I have member this forum in O gauge so now I play on n scale.

I have NCE powercab. I do learn light effect set cv 49 forward light, I still figure out about function mapping how it work when press function key from 1 to 9. It default key 0 is on/off light. I use bachmann diesel and steam with homemade installed digitrax decoder both are n scale and it work well on cv 49 and value on light effect only from 1 to 9 so I tried to learn how to set up function mapping seem not work maybe function mapping will work only if decoder have more than 2 function ?  Mine two decoders have two function.
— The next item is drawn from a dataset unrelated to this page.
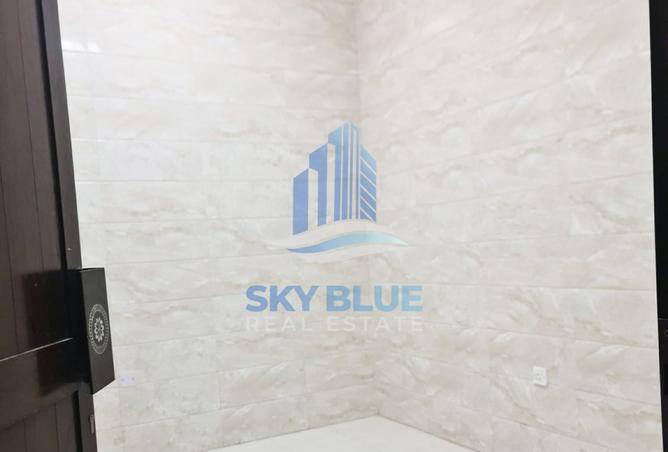954503 - Property Image 2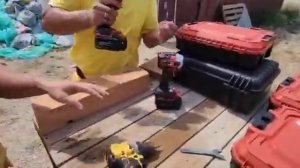 DEVON сравнение с Dewalt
If anyone know about this would helpful?


----------



## Cycleops (Dec 6, 2014)

What do the instructions from the decoder manufacturer say? Which model is it?


----------



## sneaker3d (Jan 12, 2012)

My two digitrax is Digitrax DZ126 1 Amp Economy Wired Decoder, 2 Function. I read NCE manual and said from 1 to 9 will work on NCE decoder only so I wonder for function mapping will work on 1 to 9 if I programmed on digitrax decoder as remapping ?
I learn cv 33 on forward and cv34 on reverse in function 0 default for on/off light.


----------



## Cycleops (Dec 6, 2014)

Im not quite sure what you want to do but the range of functions available are listed in the manual here: http://www.digitrax.com/products/mobile-decoders/dz126/


----------